Original assignee: Northwestern University
Current assignee: Northwestern University
Priority date: 2021-04-23
Filing date: 2021-04-23
Publication date: 2021-08-06
Also published as: CN114628020A

Abstract

The invention provides a method, a device and an application for constructing a remote plethysmograph signal detection model, wherein the method for constructing the detection model comprises the following steps: acquiring a human face video image sequence and a remote plethysmograph signal, preprocessing the acquired human face video image sequence to obtain a preprocessed human face video image sequence, and forming a tag set by the acquired remote plethysmograph signal; and training a remote plethysmography signal detection model by taking the obtained preprocessed human face video image sequence as input and taking the label set as output. The method combines a 3D space-time stacking convolution module and a multi-level feature fusion module, and realizes the full combination of semantic information of deep features and spatial information of shallow features by respectively performing feature enhancement processing and fusion on feature maps of different levels, thereby avoiding the loss of effective information and improving the output precision of a network.

Description

Remote plethysmography signal detection model construction and detection method, device and application

Technical Field

The invention belongs to the technical field of physiological signal detection, relates to remote plethysmograph signal detection, and particularly relates to a remote plethysmograph signal detection model construction method, a remote plethysmograph signal detection device, a remote plethysmograph signal detection model detection method, a remote plethysmograph signal detection device and application.

Background

Physiological signals caused by the periodic activity of the heart contain a plurality of important vital sign information, and have important significance in various fields such as medical treatment, motion, psychological detection and the like. Common methods of measuring such physiological signals are Electrocardiography (ECG): ECG uses electrodes attached to the body (usually on the chest) to measure the pattern of electrical activity changes produced by the heart each cardiac cycle; photoplethysmography (PPG): PPG uses a small optical sensor in conjunction with a light source to measure the change in light absorption by blood vessels due to the cardiac cycle. However, both methods are contact detection, which is inconvenient for users, especially for the people with extremely sensitive space characteristics such as neonates or burn patients.

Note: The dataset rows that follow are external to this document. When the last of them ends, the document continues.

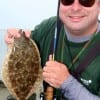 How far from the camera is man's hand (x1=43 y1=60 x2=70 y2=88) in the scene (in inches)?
101

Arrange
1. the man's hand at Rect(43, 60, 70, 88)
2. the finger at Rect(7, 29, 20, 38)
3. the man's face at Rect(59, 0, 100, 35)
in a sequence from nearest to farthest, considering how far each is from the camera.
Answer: the man's hand at Rect(43, 60, 70, 88) < the man's face at Rect(59, 0, 100, 35) < the finger at Rect(7, 29, 20, 38)

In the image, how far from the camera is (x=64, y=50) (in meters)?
2.85

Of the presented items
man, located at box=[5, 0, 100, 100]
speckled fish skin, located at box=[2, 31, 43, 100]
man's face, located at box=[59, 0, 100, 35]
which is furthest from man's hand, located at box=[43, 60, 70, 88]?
man's face, located at box=[59, 0, 100, 35]

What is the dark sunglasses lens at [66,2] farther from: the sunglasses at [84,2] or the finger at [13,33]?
the finger at [13,33]

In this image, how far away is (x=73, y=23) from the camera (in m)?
2.71

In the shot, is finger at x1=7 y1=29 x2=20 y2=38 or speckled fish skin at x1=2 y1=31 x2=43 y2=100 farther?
finger at x1=7 y1=29 x2=20 y2=38

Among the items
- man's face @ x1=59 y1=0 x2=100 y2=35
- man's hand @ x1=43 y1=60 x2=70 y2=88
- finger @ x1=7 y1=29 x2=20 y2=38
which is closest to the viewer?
man's hand @ x1=43 y1=60 x2=70 y2=88

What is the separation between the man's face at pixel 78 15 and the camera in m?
2.67

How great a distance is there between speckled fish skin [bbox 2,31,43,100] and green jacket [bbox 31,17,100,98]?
0.62 ft

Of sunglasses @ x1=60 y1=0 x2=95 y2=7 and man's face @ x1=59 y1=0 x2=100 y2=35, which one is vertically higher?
sunglasses @ x1=60 y1=0 x2=95 y2=7

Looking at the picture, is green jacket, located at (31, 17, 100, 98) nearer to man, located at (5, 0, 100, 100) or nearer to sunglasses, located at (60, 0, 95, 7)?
man, located at (5, 0, 100, 100)

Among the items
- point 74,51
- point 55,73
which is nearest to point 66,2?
point 74,51

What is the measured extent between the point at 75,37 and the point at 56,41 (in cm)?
12

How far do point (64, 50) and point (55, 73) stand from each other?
31 centimetres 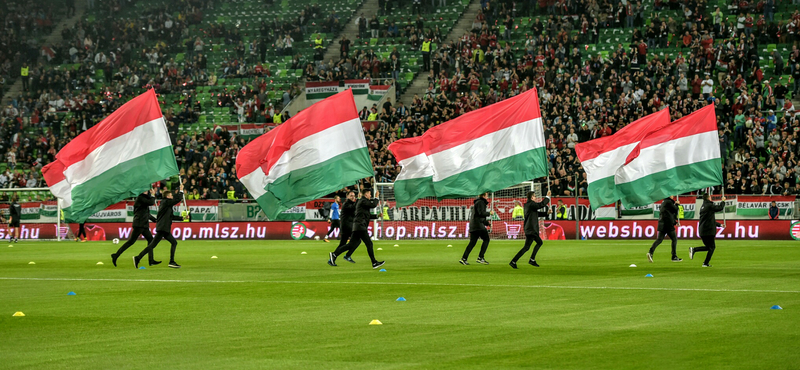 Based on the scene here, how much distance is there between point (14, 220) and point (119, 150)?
71.5ft

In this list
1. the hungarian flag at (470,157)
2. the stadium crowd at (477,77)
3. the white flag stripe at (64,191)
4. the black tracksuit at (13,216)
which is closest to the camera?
the white flag stripe at (64,191)

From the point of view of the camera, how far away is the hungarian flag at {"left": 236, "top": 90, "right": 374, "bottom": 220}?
965 inches

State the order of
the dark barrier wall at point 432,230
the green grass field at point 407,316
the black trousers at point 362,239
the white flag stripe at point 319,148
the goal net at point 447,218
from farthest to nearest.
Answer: the goal net at point 447,218
the dark barrier wall at point 432,230
the white flag stripe at point 319,148
the black trousers at point 362,239
the green grass field at point 407,316

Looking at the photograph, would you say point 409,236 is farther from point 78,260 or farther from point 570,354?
point 570,354

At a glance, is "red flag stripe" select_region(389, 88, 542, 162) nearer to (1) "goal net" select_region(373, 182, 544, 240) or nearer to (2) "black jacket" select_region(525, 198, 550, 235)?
(2) "black jacket" select_region(525, 198, 550, 235)

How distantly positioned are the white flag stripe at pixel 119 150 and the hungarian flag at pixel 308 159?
7.98ft

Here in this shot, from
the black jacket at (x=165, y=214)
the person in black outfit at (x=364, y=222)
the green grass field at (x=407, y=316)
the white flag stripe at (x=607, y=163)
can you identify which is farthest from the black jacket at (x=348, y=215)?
the white flag stripe at (x=607, y=163)

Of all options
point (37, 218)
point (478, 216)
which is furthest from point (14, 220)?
point (478, 216)

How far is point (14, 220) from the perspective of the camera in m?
44.5

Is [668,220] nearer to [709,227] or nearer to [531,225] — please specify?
[709,227]

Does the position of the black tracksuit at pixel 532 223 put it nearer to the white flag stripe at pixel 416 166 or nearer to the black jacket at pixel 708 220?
the white flag stripe at pixel 416 166

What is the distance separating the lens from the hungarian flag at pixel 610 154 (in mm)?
28359

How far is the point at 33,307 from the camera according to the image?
601 inches

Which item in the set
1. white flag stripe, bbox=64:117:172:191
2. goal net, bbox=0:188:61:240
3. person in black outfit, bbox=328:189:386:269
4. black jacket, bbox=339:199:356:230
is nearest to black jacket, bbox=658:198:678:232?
person in black outfit, bbox=328:189:386:269
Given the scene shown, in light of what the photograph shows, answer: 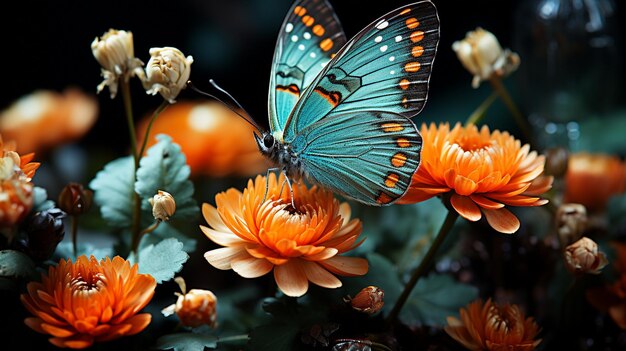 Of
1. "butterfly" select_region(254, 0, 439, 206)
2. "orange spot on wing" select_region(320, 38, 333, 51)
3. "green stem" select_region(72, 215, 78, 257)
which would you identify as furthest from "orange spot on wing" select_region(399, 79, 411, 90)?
"green stem" select_region(72, 215, 78, 257)

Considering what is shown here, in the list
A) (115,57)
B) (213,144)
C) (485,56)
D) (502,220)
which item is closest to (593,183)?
(485,56)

The problem can be well solved by remote photoplethysmography, but the existing remote photoplethysmography relying on the prior knowledge of researchers is difficult to deal with complex and variable environmental influence and data noise, so that the accuracy of the obtained remote photoplethysmography signal is not high.

Disclosure of Invention

Aiming at the defects in the prior art, the invention aims to provide a method, a device and an application for constructing and detecting a remote plethysmograph signal detection model so as to solve the technical problem that the accuracy of a remote photoplethysmograph signal in the prior art is not high under an unconstrained environment.

In order to solve the technical problems, the invention adopts the following technical scheme:

a method for constructing a remote plethysmographic signal detection model, the method comprising the steps of:

step 1, acquiring a human face video image sequence and a remote plethysmograph signal, preprocessing the acquired human face video image sequence to obtain a preprocessed human face video image sequence to form an initial data set, and forming a label set by the acquired remote plethysmograph signal;

step 2, taking the initial data set as input and the label set as output, training a remote plethysmography signal detection model, wherein the remote plethysmography signal detection model comprises a shallow layer feature extraction module, a 3D space-time stacking convolution module, a multi-level feature fusion module, a product module and a signal prediction module which are connected and arranged;

the shallow feature extraction module is used for performing shallow feature extraction on the input preprocessed human face video image sequence to obtain a shallow feature map, and respectively sending the obtained shallow feature map to the 3D space-time stacking convolution module and the multi-level feature fusion module;

the 3D space-time stacking convolution module is used for further carrying out feature extraction on the input shallow feature map to obtain a deep feature map, and respectively sending the obtained deep feature map to the product module and the multi-level feature fusion module;

the multi-level feature fusion module is used for performing spatial feature extraction on an input shallow feature map to obtain spatial features, performing channel feature extraction on an input deep feature map to obtain channel features, then fusing the obtained spatial features and the channel features to obtain mixed weight parameters, and sending the obtained mixed weight parameters to the multiplication module;

the product module is used for carrying out product processing on the input deep characteristic diagram and the mixing weight parameter to obtain a mixing characteristic diagram and sending the obtained mixing characteristic diagram to the signal prediction module;

the signal prediction module is used for converting the input mixed characteristic diagram into a remote plethysmographic signal output.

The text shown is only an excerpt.